Marcelo Justo/Folha Imagem
Haila Baldin Fernandes Inácio, 6, portadora da síndrome de Williams que vive em Valinhos


DO ENVIADO A VALINHOS

Pobre da gata Cristal. Quando Haila, 6 anos, corre atrás dela, abraça a felina com tanta força que chega a deixá-la sem fôlego. Lembra a Felícia, personagem de desenho animado que queria "apertar e amar para toda a vida" os animais que apareciam na sua frente.

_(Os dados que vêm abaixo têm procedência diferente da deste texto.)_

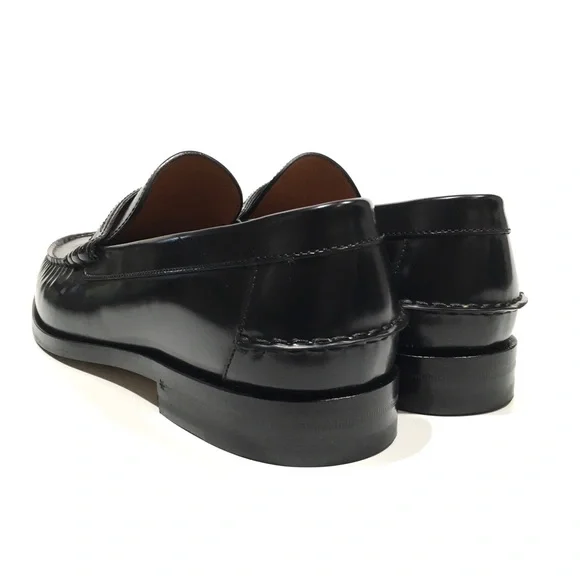 GUCCI INTERLOCKING G WEB LOAFER MOCCASIN -BLACK LEATHER -US 12.5 -NEW - Picture 3 of 10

Não é só com a gata que Haila simpatiza, porém. Quando a mãe, Ana Carolina Baldin, a leva ao shopping ou ao supermercado, não há uma pessoa que não receba um "oi, tudo bem?" da menina. Ela gosta especialmente de idosos. Nada de racismo: ela fica entusiasmada quando vê negros -talvez por achá-los diferentes de si mesma e da família. "Ela ama senhores negros de cabelo branco, quer puxar, abraçar, sentar no colo", diz a mãe.
É típico da síndrome de Williams não sentir receio de estranhos. Por mais querida que possa ser uma criança que não tem grandes restrições à socialização -é cativante quando a menina segura as visitas querendo evitar que elas deixem a casa-, isso faz com que a mãe acabe tendo um trabalho danado para cuidar dela.

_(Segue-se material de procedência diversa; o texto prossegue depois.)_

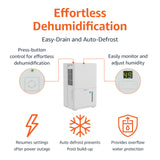 Amazon Basics 50-Pint Large Dehumidifier with Humidity Control, Timer, Auto-Defrost, Overflow Protection, Energy Star Certified, Washable Filter for Rooms up to 4000 SFT, White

Não é difícil de entender. Mesmo que um rottweiler esteja latindo bravo, a garota quer ir abraçar e beijar o bicho. Diferentemente de crianças que se escondem atrás dos pais quando cercadas de estranhos, não é preciso muito para que Haila desapareça no meio da multidão quando a mãe se distrai. "É difícil, por exemplo, num lugar como uma loja de departamentos, cheio de CDs, DVDs, brinquedos, chocolates, um monte de coisas que chamam a atenção da Haila. Qualquer desatenção é perigosa", afirma ela.

Mapa na cabeça
Por isso, Baldin acabou, diz, tornando-se especialista em mapear ambientes. "Ao entrar em uma loja, já reparo onde estão as saídas. Caso a Haila suma, consigo ter certeza de que ela não vai sair de lá", diz.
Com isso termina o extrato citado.